## WHAT THE TASK REQUIRES
Please keep to the lines below from the one with "pork ribs on a wooden" through the one with "Санки-ватрушка Эконом, 60", and restate them word for word, ends included.

## RECORDS SHOWN
■ ■ ■ ■

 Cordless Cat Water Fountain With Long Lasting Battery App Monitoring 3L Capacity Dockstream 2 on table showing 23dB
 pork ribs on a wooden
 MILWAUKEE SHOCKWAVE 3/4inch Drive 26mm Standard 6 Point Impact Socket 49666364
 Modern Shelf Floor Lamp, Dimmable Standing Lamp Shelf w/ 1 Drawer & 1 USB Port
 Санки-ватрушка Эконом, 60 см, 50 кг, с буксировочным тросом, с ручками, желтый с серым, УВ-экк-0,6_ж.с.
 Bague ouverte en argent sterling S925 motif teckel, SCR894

■ ■ ■ ■

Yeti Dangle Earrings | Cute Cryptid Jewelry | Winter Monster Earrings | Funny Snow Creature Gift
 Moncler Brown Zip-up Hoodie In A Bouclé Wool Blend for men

■ ■ ■ ■

## ANSWER SECTION
 pork ribs on a wooden
 MILWAUKEE SHOCKWAVE 3/4inch Drive 26mm Standard 6 Point Impact Socket 49666364
 Modern Shelf Floor Lamp, Dimmable Standing Lamp Shelf w/ 1 Drawer & 1 USB Port
 Санки-ватрушка Эконом, 60 см, 50 кг, с буксировочным тросом, с ручками, желтый с серым, УВ-экк-0,6_ж.с.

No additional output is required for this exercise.